The job of the archbishop of New York is probably impossible, with all the concerns. But Cardinal Dolan revived Cardinal O’Connor’s commitment that the Church will be a loving support for any woman who feels pressured into abortion. The Sisters of Life, of course, are a big part of the “how” of that. 

We also all are. He liked to say as pertains to media, the days of “fat, balding, Irish bishops are over.” And the point, taken more universally: We are all part of the body of Christ. What more can we do? Each and every one of us, as busy as we feel and are.

Camosy: We’re just now winding down from Christmas, but I still cannot help but think of the Divine Logos, the second person of the Trinity, becoming human. The Word of God did not remain an abstract idea — but became the kind of being with whom we can have genuinely human encounter. 

Lopez: It breaks my heart when the Nativity scenes go back into storage. Because there is something about casual access to the Holy Family — and Jesus, obviously, uniquely — that is such an opportunity to meditate on who we are. 

Sometimes I think it is helpful to remember not only the oneness of the Trinity, but the life of Christ.
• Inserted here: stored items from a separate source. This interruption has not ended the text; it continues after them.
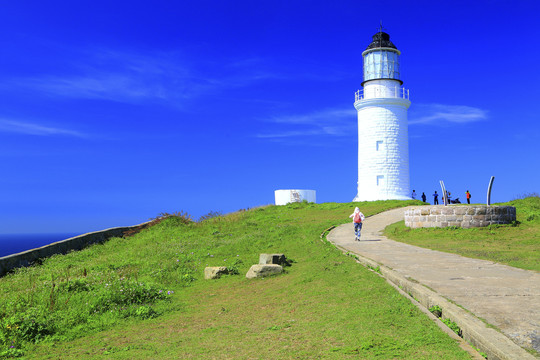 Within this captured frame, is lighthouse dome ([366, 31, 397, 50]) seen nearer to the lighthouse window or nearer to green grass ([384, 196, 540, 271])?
the lighthouse window

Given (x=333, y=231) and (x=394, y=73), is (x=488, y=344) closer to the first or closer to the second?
(x=333, y=231)

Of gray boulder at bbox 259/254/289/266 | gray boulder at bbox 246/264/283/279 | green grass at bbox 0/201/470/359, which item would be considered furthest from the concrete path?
gray boulder at bbox 246/264/283/279

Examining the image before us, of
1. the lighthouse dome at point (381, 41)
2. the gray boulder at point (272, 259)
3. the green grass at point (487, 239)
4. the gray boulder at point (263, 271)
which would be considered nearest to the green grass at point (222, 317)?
the gray boulder at point (263, 271)

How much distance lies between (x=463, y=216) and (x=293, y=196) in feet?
77.1

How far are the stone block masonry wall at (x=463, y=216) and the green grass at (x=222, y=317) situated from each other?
878 centimetres

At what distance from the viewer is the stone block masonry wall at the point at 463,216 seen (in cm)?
1998

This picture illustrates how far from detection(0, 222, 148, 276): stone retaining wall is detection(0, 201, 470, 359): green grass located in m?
2.01

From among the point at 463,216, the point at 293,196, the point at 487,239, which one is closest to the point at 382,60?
the point at 293,196

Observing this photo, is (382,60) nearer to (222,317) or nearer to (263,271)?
(263,271)

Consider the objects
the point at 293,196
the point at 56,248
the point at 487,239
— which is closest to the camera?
the point at 487,239

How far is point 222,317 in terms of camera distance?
7551mm

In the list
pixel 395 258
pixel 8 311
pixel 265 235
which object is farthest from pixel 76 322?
pixel 265 235

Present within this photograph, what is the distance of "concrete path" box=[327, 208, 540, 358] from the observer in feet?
17.6

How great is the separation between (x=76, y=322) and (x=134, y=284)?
1.86 m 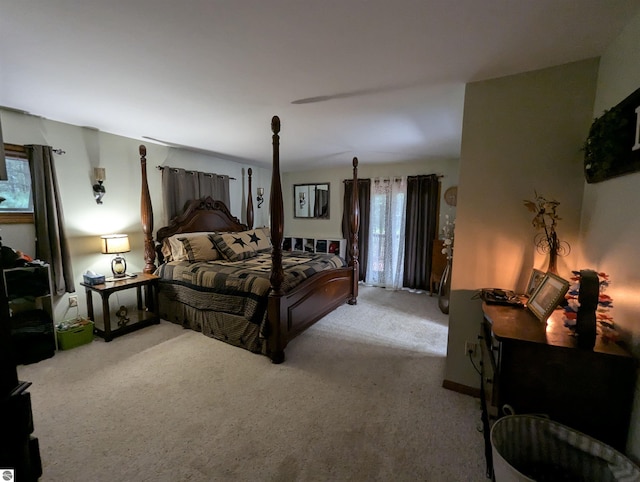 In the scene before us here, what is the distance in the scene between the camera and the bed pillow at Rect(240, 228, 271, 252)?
4.32m

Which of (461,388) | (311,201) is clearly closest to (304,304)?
(461,388)

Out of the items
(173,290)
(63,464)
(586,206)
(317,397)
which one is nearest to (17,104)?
(173,290)

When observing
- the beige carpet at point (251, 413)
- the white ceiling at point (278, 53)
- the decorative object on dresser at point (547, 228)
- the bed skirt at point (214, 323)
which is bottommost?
the beige carpet at point (251, 413)

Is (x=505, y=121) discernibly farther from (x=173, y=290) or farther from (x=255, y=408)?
(x=173, y=290)

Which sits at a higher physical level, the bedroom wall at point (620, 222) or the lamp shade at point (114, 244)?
the bedroom wall at point (620, 222)

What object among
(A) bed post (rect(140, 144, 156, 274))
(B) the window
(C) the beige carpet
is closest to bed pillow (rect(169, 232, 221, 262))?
(A) bed post (rect(140, 144, 156, 274))

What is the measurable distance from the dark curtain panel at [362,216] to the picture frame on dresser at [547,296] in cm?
362

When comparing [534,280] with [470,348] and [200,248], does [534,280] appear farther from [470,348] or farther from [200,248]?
[200,248]

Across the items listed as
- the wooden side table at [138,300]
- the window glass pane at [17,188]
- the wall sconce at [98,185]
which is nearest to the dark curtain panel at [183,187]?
the wall sconce at [98,185]

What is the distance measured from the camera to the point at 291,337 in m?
2.81

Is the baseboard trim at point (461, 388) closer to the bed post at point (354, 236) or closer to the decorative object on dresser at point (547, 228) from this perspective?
the decorative object on dresser at point (547, 228)

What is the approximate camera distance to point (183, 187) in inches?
163

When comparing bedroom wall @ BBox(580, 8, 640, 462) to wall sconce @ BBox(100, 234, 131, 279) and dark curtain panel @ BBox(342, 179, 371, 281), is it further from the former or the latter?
wall sconce @ BBox(100, 234, 131, 279)

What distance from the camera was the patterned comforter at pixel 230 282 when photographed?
8.77 feet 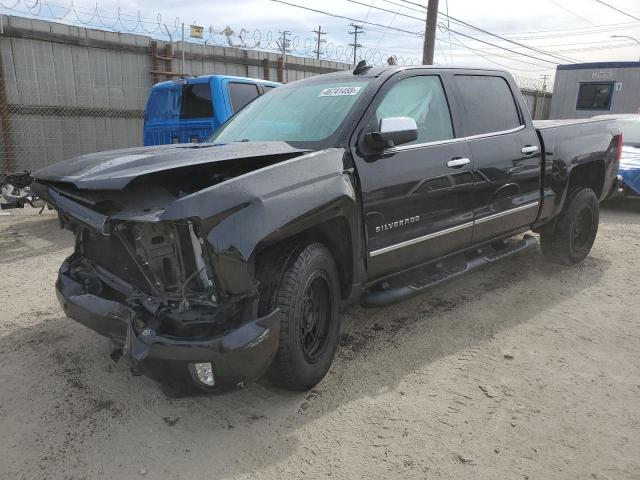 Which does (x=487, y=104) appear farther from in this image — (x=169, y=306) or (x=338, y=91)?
(x=169, y=306)

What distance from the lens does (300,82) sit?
13.9ft

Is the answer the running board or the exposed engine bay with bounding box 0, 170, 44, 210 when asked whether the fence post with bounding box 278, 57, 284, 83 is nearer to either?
the exposed engine bay with bounding box 0, 170, 44, 210

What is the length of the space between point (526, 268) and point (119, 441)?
4444 millimetres

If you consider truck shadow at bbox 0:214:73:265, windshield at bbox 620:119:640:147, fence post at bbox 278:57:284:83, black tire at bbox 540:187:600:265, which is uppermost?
fence post at bbox 278:57:284:83

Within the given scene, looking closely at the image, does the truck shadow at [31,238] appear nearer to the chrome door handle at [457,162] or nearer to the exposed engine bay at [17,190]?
the exposed engine bay at [17,190]

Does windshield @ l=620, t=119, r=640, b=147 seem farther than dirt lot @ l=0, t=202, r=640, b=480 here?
Yes

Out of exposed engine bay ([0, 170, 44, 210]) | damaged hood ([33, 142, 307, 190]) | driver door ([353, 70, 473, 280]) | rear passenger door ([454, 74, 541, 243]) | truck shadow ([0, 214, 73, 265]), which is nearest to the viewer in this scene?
damaged hood ([33, 142, 307, 190])

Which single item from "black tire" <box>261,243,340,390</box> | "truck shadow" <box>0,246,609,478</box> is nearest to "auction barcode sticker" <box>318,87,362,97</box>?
"black tire" <box>261,243,340,390</box>

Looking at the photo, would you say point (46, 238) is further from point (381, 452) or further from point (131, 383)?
point (381, 452)

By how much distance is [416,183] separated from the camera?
358 cm

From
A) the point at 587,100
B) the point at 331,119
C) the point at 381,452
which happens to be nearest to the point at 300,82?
the point at 331,119

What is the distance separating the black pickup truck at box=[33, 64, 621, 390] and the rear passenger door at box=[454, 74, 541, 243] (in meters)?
0.02

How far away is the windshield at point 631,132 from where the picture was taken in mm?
9961

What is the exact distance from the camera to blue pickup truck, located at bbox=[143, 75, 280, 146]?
7.36 m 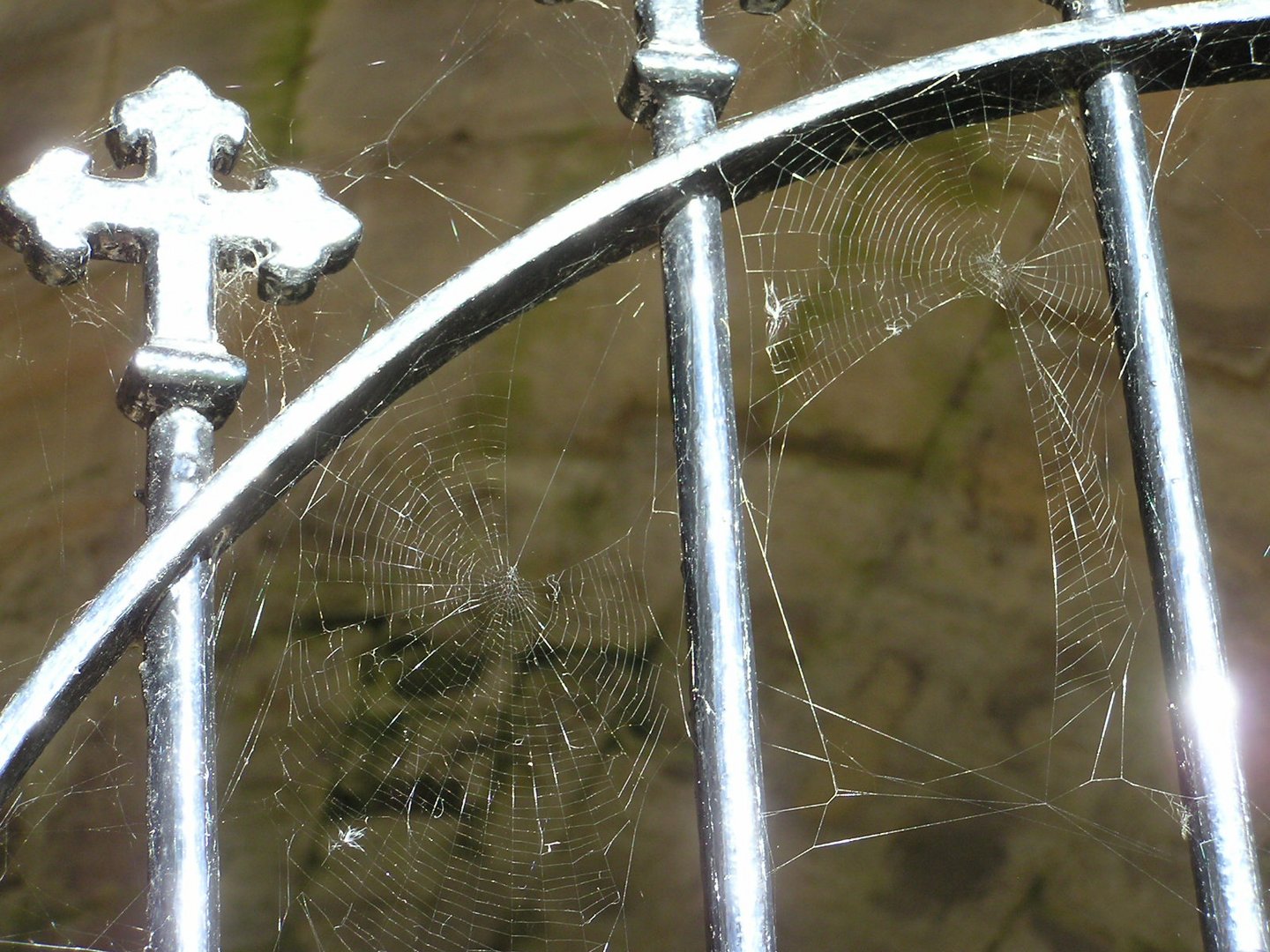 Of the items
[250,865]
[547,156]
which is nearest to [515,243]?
[547,156]

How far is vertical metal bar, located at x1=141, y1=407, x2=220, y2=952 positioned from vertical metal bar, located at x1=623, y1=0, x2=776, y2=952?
18 centimetres

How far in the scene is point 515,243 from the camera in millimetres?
538

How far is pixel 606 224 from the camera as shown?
21.5 inches

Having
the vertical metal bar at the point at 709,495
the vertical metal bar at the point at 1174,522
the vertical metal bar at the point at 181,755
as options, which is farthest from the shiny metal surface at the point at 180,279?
the vertical metal bar at the point at 1174,522

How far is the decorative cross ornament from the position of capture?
523mm

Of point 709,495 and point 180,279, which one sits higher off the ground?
point 180,279

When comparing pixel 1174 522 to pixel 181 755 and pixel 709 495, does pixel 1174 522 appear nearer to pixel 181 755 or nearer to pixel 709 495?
pixel 709 495

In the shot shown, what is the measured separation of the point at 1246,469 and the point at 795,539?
68cm

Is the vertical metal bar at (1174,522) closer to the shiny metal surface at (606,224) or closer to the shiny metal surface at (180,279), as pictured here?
the shiny metal surface at (606,224)

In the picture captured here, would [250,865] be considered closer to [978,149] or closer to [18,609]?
[18,609]

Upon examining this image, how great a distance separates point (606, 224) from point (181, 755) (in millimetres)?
263

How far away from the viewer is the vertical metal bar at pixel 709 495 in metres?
0.48

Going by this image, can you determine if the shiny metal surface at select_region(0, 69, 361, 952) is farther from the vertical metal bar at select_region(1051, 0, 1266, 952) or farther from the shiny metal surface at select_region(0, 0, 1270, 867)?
the vertical metal bar at select_region(1051, 0, 1266, 952)

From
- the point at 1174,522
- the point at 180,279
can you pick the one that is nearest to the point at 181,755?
the point at 180,279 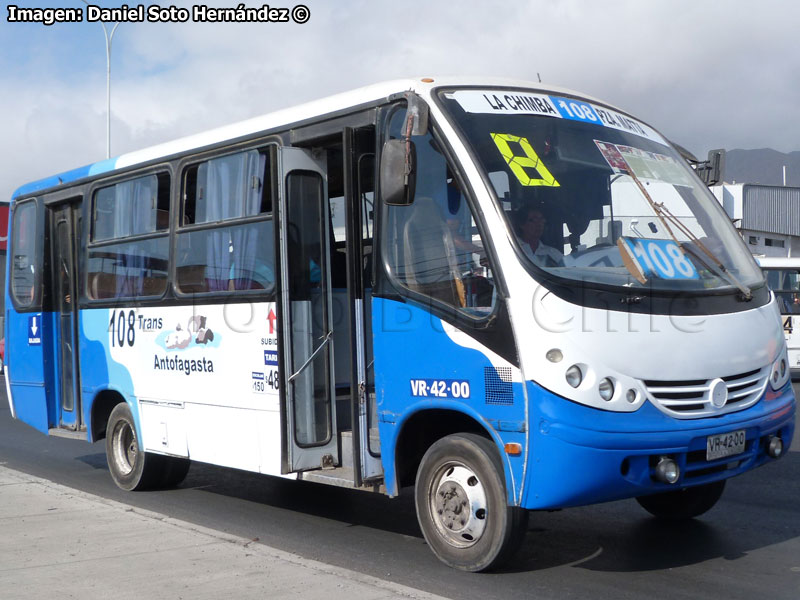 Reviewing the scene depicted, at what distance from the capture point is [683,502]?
737cm

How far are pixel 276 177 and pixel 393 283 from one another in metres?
1.52

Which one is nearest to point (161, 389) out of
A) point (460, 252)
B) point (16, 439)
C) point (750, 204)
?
point (460, 252)

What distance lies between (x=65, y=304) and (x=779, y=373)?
299 inches

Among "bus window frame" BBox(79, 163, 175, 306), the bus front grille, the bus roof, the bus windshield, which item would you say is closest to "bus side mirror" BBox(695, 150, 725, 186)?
the bus windshield

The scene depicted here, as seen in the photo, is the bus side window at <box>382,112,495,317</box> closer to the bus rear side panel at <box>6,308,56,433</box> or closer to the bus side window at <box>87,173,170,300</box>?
the bus side window at <box>87,173,170,300</box>

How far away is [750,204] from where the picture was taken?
48188 mm

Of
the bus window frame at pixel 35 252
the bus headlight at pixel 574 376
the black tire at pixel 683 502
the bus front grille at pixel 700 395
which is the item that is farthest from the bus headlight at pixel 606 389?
the bus window frame at pixel 35 252

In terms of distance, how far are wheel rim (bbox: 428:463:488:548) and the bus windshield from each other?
1.40m

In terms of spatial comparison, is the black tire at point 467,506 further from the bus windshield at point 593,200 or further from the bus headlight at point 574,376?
the bus windshield at point 593,200

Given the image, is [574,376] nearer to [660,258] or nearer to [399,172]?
[660,258]

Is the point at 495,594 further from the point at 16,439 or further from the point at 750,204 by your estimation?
the point at 750,204

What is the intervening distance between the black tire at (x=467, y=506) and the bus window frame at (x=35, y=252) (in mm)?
6432

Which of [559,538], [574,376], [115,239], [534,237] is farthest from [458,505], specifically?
[115,239]

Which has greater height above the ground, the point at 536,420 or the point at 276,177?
the point at 276,177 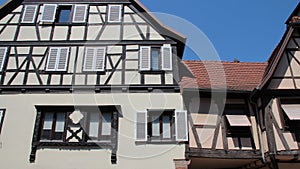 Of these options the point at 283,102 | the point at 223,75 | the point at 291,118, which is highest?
the point at 223,75

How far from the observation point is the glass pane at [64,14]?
43.4 ft

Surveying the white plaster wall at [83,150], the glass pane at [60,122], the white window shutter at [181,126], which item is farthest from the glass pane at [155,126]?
the glass pane at [60,122]

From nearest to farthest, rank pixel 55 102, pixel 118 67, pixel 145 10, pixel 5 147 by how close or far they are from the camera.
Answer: pixel 5 147
pixel 55 102
pixel 118 67
pixel 145 10

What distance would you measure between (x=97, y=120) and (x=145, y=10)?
16.9ft

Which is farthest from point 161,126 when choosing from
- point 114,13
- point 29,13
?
point 29,13

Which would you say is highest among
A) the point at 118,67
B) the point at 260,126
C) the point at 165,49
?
the point at 165,49

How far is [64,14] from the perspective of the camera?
13.5 m

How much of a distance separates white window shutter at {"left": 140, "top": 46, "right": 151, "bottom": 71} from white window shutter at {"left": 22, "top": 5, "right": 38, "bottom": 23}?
4817mm

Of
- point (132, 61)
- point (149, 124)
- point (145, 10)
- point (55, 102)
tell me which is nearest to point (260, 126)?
point (149, 124)

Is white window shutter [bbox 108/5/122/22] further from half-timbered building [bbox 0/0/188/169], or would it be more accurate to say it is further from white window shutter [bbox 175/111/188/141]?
white window shutter [bbox 175/111/188/141]

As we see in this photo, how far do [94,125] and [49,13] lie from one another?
5397 mm

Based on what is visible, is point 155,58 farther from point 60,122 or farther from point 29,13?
point 29,13

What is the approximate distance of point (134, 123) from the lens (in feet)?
36.0

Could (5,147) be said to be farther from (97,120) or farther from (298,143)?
(298,143) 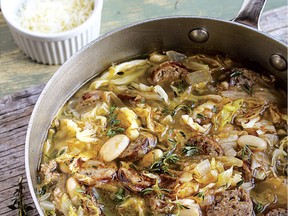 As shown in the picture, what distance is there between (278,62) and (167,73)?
24.9 inches

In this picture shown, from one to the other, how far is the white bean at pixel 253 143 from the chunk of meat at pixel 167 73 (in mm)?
537

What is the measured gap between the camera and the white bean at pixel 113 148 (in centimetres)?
305

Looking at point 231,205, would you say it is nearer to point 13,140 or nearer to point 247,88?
point 247,88

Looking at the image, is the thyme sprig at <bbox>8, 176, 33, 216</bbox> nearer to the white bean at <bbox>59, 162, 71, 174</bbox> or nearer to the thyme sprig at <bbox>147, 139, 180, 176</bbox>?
the white bean at <bbox>59, 162, 71, 174</bbox>

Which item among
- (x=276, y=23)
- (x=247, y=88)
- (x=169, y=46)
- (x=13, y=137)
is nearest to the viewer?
(x=247, y=88)

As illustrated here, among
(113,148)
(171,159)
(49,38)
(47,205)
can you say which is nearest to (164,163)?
(171,159)

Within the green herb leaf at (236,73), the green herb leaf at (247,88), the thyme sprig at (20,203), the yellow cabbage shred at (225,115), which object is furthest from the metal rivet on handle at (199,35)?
the thyme sprig at (20,203)

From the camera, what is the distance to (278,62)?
345cm

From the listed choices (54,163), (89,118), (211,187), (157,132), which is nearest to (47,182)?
(54,163)

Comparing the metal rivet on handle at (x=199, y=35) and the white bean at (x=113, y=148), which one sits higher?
the metal rivet on handle at (x=199, y=35)

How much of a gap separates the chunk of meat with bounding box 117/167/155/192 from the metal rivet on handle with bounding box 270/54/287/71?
104cm

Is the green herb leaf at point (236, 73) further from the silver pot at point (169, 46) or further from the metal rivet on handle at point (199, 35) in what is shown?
the metal rivet on handle at point (199, 35)

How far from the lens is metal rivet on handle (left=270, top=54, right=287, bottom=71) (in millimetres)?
3408

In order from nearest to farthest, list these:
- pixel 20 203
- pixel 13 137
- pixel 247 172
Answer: pixel 247 172, pixel 20 203, pixel 13 137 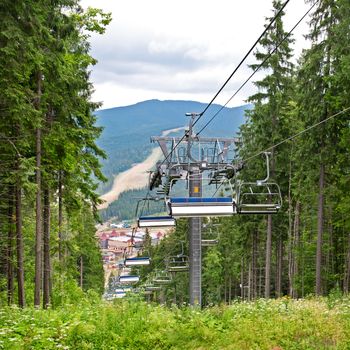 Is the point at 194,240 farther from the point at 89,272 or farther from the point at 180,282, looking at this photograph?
the point at 89,272

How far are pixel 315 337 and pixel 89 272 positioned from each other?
54.3 m

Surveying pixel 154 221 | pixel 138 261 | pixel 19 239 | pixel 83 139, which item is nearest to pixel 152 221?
pixel 154 221

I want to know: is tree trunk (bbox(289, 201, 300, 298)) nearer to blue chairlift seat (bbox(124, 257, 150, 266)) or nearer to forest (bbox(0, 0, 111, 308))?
blue chairlift seat (bbox(124, 257, 150, 266))

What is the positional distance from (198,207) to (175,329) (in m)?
3.48

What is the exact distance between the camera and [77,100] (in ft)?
53.5

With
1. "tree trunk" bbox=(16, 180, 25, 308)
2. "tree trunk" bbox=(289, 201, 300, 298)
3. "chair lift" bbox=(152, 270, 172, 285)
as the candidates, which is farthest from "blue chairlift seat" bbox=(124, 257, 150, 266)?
"tree trunk" bbox=(289, 201, 300, 298)

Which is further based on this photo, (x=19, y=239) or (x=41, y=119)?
(x=19, y=239)

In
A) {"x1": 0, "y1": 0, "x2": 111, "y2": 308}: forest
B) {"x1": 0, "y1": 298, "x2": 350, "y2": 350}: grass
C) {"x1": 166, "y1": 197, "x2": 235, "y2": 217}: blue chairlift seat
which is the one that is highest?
{"x1": 0, "y1": 0, "x2": 111, "y2": 308}: forest

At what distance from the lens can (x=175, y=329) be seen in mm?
9414

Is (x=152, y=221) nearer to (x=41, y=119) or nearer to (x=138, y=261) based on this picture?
(x=138, y=261)

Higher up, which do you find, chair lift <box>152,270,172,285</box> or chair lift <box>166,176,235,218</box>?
chair lift <box>166,176,235,218</box>

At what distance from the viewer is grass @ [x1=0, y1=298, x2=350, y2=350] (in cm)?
866

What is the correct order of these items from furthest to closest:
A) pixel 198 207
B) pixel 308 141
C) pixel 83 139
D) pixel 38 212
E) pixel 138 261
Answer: pixel 138 261 < pixel 308 141 < pixel 83 139 < pixel 38 212 < pixel 198 207

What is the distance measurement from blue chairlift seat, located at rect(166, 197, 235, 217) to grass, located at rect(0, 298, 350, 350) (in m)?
2.47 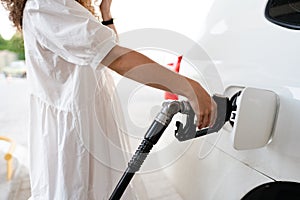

You can’t have Christmas without the crucifixion and resurrection. Perhaps that’s why the rosary is so powerful: Even if you are running through them, there is this constant reminder. 

I know a Sister of Life who, whenever she can, uses a book with images of each mystery. When I was hanging out with her regularly, she had been gifted with a beautiful Baltimore Catechism one. They are not hard to find. It’s not a bad idea, even if you’ve been praying the rosary daily for decades. That’s not going to work when you are driving, of course, but slow down with the truth of our faith now and again. And, please, know, I’m reminding myself here, too. We need to remember Jesus Christ, because without him, nothing makes sense.

The last time I saw Pope Benedict in the flesh, he talked about how critical it is to encounter Jesus in prayer daily, throughout the day. That’s how we can begin to have a prayer of loving like Jesus.

Charles Camosy teaches moral theology and bioethics at The Catholic University of America in Washington.